→ Task description: A complete response lists each line of the data below that includes the word "basket".

→ Provided entries:
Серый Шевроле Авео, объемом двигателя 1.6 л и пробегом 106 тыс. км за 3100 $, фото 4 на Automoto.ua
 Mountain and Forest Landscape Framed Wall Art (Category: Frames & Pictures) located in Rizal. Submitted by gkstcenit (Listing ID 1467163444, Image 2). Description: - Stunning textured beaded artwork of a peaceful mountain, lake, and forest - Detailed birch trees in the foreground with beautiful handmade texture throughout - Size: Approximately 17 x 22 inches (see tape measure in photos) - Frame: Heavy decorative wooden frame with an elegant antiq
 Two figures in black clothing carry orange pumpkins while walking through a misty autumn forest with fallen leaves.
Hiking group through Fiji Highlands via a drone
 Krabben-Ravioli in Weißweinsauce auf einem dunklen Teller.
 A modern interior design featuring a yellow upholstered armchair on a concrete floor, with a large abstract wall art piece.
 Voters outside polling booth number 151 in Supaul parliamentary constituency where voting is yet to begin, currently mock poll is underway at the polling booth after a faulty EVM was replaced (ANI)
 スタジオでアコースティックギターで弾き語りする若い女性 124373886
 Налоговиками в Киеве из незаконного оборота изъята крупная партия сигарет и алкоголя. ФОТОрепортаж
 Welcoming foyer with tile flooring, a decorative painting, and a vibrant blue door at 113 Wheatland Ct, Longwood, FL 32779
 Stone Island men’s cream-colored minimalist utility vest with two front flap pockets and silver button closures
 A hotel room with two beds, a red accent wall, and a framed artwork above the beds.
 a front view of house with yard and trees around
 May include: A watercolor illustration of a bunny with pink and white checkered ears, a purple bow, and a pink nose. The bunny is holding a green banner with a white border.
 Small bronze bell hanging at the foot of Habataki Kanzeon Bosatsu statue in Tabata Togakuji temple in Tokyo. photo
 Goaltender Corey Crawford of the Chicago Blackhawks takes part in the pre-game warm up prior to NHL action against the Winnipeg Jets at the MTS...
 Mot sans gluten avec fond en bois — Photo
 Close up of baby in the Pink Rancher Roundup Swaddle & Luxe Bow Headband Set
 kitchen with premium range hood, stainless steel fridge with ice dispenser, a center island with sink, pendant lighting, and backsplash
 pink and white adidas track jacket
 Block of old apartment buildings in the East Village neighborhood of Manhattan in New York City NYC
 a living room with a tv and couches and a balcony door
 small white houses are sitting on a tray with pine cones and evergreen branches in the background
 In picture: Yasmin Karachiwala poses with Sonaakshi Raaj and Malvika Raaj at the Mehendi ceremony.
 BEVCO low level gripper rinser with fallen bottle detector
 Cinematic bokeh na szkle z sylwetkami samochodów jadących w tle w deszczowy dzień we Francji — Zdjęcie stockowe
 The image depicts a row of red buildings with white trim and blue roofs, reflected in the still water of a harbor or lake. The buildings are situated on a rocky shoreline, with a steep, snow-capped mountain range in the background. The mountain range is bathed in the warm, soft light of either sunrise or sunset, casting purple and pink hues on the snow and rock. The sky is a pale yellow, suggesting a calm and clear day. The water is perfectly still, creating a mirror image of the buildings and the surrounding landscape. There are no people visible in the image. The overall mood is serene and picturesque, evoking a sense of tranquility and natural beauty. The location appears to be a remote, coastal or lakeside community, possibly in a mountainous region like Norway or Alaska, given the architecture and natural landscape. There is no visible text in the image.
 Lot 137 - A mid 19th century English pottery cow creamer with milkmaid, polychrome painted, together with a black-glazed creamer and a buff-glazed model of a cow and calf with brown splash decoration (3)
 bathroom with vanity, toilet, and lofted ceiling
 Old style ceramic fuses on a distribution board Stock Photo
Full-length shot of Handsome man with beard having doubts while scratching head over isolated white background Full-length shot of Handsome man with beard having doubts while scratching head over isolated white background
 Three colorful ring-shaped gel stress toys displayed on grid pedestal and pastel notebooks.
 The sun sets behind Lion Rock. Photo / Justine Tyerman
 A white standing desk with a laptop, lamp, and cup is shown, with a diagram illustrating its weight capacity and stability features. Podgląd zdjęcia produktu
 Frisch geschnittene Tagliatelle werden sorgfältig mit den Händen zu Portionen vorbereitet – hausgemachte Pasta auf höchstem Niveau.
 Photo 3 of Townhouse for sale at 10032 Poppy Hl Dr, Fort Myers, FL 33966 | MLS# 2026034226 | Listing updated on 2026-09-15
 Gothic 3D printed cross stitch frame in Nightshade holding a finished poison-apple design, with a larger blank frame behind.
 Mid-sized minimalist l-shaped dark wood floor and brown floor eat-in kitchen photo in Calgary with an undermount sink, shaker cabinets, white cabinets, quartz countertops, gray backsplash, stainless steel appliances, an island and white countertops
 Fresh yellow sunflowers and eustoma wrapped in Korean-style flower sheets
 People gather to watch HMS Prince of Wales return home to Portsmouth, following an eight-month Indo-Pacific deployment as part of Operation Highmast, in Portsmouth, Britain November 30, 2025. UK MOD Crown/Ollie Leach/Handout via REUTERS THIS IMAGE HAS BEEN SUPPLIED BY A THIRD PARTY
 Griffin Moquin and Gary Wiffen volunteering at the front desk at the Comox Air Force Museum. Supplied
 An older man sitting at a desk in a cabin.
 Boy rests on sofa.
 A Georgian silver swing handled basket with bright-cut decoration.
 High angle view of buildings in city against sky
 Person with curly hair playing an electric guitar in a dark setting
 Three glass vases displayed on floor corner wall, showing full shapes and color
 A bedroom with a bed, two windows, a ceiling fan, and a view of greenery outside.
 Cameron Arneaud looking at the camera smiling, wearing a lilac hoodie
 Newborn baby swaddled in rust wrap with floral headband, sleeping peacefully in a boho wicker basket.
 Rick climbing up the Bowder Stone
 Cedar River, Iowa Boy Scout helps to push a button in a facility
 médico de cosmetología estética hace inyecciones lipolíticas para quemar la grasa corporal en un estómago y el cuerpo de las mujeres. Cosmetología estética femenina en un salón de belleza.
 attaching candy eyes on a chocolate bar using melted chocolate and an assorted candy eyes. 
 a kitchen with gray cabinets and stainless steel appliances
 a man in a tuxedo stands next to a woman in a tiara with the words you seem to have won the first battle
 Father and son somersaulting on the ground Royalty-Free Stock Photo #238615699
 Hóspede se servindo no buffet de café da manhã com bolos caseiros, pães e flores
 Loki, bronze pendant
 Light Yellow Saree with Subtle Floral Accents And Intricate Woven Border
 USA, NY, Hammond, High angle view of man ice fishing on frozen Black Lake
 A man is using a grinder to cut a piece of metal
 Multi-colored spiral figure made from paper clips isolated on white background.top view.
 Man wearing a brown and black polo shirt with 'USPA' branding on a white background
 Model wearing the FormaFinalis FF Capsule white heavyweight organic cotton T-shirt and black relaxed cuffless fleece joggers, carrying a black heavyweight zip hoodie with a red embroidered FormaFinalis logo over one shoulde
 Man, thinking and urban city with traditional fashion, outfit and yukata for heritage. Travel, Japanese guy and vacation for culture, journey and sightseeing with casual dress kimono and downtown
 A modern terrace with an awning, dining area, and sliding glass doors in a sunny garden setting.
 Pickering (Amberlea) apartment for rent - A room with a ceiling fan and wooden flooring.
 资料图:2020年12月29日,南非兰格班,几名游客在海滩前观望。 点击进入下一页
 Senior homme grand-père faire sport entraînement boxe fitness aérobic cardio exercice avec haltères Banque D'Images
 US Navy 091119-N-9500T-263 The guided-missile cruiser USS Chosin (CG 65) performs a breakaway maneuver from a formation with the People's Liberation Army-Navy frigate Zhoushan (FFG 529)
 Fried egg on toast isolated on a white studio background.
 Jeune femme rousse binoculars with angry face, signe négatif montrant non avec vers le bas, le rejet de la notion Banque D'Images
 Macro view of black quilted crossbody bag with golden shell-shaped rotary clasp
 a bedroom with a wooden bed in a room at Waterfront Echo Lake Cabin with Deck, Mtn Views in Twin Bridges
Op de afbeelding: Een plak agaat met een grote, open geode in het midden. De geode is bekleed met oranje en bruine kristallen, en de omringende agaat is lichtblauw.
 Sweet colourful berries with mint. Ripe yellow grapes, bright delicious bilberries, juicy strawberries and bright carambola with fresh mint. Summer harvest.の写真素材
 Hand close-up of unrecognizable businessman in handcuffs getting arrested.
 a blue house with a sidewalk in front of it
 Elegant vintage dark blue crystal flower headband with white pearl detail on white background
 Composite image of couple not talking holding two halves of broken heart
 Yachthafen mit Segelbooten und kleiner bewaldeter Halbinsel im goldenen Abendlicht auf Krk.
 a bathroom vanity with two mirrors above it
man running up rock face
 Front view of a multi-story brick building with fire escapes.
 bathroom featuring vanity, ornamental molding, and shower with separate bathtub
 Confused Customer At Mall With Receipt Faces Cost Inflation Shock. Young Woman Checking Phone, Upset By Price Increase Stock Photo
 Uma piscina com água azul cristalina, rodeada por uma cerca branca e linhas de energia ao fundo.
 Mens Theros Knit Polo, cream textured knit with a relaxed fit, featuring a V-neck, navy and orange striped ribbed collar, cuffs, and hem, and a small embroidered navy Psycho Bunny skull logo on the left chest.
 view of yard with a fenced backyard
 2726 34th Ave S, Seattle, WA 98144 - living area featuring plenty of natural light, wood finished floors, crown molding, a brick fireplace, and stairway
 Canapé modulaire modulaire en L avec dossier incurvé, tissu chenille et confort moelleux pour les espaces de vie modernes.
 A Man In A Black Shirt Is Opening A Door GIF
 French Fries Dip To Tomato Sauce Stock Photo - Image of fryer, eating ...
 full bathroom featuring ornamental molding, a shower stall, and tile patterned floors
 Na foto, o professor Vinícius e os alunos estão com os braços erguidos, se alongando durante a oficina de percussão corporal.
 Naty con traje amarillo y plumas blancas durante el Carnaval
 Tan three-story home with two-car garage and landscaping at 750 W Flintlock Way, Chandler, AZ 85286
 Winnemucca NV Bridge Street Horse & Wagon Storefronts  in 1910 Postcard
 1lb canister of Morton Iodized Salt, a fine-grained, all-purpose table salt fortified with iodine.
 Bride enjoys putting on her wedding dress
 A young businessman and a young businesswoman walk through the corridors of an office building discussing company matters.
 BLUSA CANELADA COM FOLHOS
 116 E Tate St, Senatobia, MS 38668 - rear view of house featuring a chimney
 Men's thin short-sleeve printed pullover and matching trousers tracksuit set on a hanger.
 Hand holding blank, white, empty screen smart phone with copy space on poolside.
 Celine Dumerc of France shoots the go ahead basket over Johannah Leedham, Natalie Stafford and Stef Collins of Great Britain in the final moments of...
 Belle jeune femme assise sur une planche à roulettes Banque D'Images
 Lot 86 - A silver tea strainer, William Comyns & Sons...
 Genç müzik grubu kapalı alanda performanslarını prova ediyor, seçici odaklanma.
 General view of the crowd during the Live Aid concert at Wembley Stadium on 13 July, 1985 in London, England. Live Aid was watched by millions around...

→ Answer box:
 A Georgian silver swing handled basket with bright-cut decoration.
 Newborn baby swaddled in rust wrap with floral headband, sleeping peacefully in a boho wicker basket.
 Celine Dumerc of France shoots the go ahead basket over Johannah Leedham, Natalie Stafford and Stef Collins of Great Britain in the final moments of...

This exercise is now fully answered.